**Work request**
Could the data below please be reproduced word for word, without the pictures?

**Recorded data**

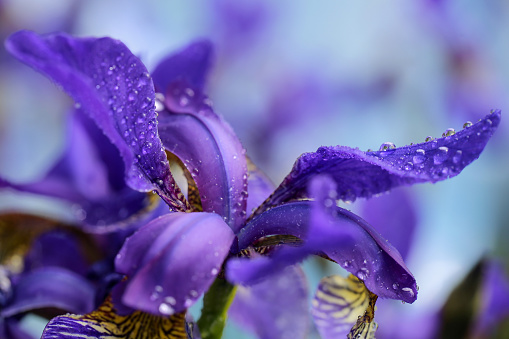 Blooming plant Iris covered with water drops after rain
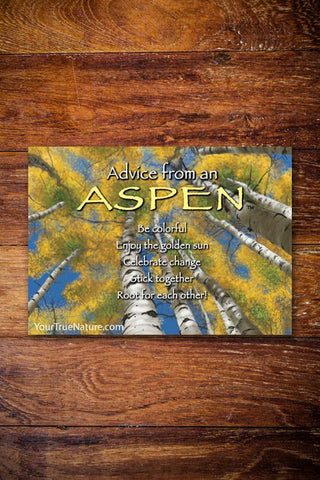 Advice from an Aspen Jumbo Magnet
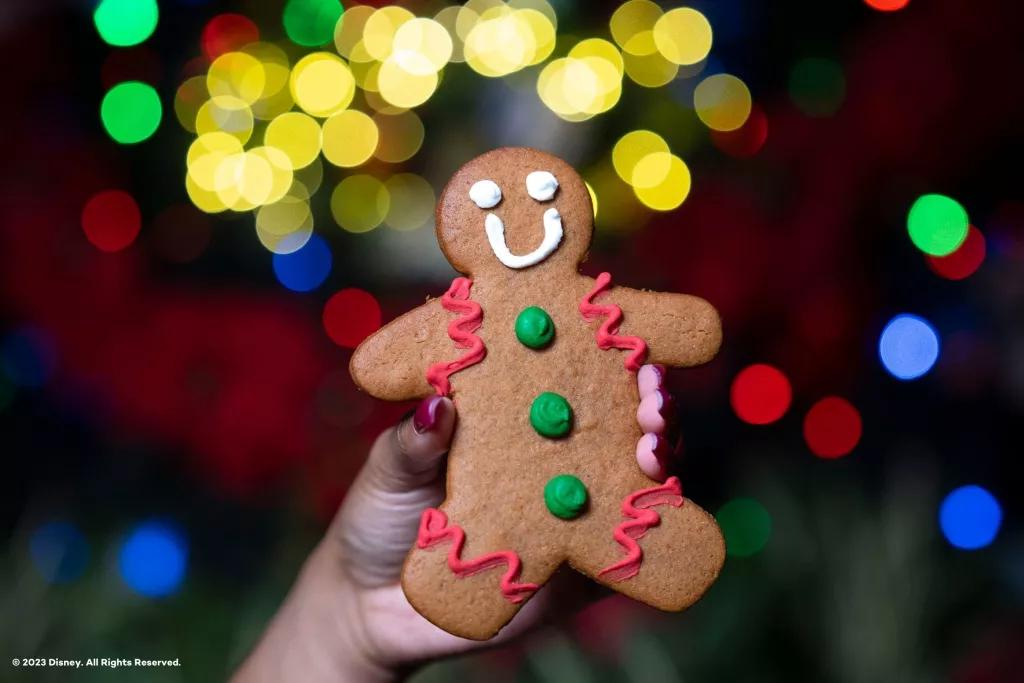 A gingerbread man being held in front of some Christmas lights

**Task result**
 Blooming plant Iris covered with water drops after rain
 Advice from an Aspen Jumbo Magnet
 A gingerbread man being held in front of some Christmas lights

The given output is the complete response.